Deniz biyoloğu Mert Gökalp de yıllardır Marmara Denizi'ndeki kirliliğe dikkat çekmeye çalıştıklarını fakat ancak işler geri çevirmesi çok zor bir noktaya gelince insanların kendilerine kulak kesildiğini söylüyor.

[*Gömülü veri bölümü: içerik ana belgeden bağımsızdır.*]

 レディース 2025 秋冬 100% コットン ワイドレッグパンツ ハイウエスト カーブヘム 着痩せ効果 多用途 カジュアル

Gökalp, 'Su artıma tesislerini olması gibi gerektiği gibi işletmeyen organize sanayi bölgelerine neden rehabilitasyon ve iyileştirme desteği açıklanıyor da bu tesisler ceza almıyor, gerekli arıtma şartlarını sağlayana kadar kapatılmıyor?' diye soruyor:
'Şu an bugünün her saatinde atık yönetimini uygulamayan, parasal nedenlerden ötürü arıtma tesislerini çalıştırmayan tesisler var. Olması gereken hemen bugünden başlayarak büyük cezalar kesip, şartları sağlayana kadar mühür vurmak. Bugünden başlanmazsa bu iş uzar, Marmara Denizi ölür ve Marmara Denizi'nin ölmesi demek, etrafındaki 25 milyon kişinin de orada yaşayamaması demek. O zaman bu maliyet nedeniyle arıtma yapmayan sanayi tesisleri daha büyük bir maliyetle karşılaşır.'
Bu kadar cahil bir toplumla ve bu toplumun seçtiği, para hırsının kurbanı olmuş yöneticilerle hiçbir güzellik bu topraklarda baki değildir.
Çevre Mühendisleri Odası (ÇMO) Genel Başkanı Ahmet Dursun Kahraman, Türkiye'de plan hazırlama konusunda hiçbir sorun olmadığını fakat bunları hayata geçirme konusunda bugüne kadar ciddi sıkıntılar yaşandığını söylüyor.... Ülkeyi özetleyen güzel sözlerden biri daha.
Daha en baştan önlem almak temizlemekten daha ucuza gelirdi muhtemelen.